"And just this past year, my sisters... we lost 3 people to suicide" -- Kelsey Richards, an American teenager.
Every day in 2008, more than one young person tried to kill themselves in this place.
Can you guess the location of this chronicle?
It's on the Oglala Sioux's Pine Ridge reservation, where some of our venerable kossacks have spent time as part of the American Indian Movement or in their travels and advocacy for the most marginalized Americans.
A remarkable piece of reporting...
Remarkable because it doesn't happen in the context of the major corporate networks. In fact, I often meet Europeans who've seen how native people sometimes live and know what happened to us, when 99% of the Americans I know (and I know many people, in multiple states) have no first-hand knowledge and poor, if any, understanding.
The propaganda system in this country foists an effective veil over American Indians. Even our continued existence remains a mystery, in face of genocide and destruction, poverty and division. Bigots and crooks threaten our identities constantly with nary a peep of protest. Sarah Palin tried to reduce Alaska Native Americans to unprecedented marginalization: a diabetic "life" of expensive, shipped-in, sugary foods by a regressive curtailing of subsistence hunting and fishing. Limiting those very foods that ANs have evolved to eat over 10 millenia, just to enrich her big industry friends! Or John McCain stealing the Dine and Hopi peoples' legal rights. Middle class environmentalists had hardly any care for the impact of ANWR drilling on the Gwich'in people, only for a "middle class" construction of recreation-museum wilderness that is not in keeping with 10,000 years of American history. George Bush doesn't understand that we have legal nations. With so many troubles for Indian Country, who's surprised the media doesn't give a lick about our suicides?
Many factors go into the prevalence of suicide--in 2004, the 8th leading cause of death--among American Indians and Alaska Natives. Others have covered the causes better--including poverty but also generational trauma. According to one study, racial prejudice is not only an ever-present trauma but a contributing factor in suicide.

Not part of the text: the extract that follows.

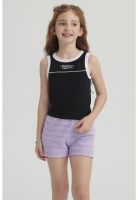 Polera Niña Teen Piping Frontal Negro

What matters to me is that I feel like we are continually being forgotten between yet another cycle of cynical, exploitive and race-baiting media coverage. Would white suburbanites deal with these unemployment numbers? Would the LGBT community be this reserved about the daily drumbeat of death? No.
Pine Ridge is an extreme example, but almost all of Indian Country has depressed levels of employment. Almost all corners of Indian Country have extremely high poverty. Our economies often do resemble depressions. And our suicide rate is high as a racial group.
But there's a bigger picture. When covering American Indian/Alaska Native/Native Hawaiian issues, keep in mind that in spite of the doom yawning before us we have survived for 518 years of genocide. Non-stop. I am of the 7th generation of descent since the war that split our tribe in two and began the slow death. Massacre, malnourishment, missionaries, assimilation, the Dawes Act and forced sterilizations all hurt my ancestors. Not few died, and our 2010 population is at levels comparable to 150 years ago. Down that ethnocidal road, the Termination Act shaped both my life and that of my mother. This is probably the last generation with any fluent speakers of our language--my mother and I did not have that opportunity in part because of those missionaries, the US government, and the Termination Act. Yet in my few years I have witnessed increasing numbers of parents teaching their children the "red road": trying to give them positive things frequently denied in their own youth. Be it traditional dancing and drumming, hunting and fishing, language, food, culture or our relationship with the land--these remnants of our ways are inseparable from being Indian or native more so than appearance or blood. Some, though not all, of our depression seems to stem from the problem of having lost much of our identity and knowledge, while at the same time we can access few resources to address the 21st century.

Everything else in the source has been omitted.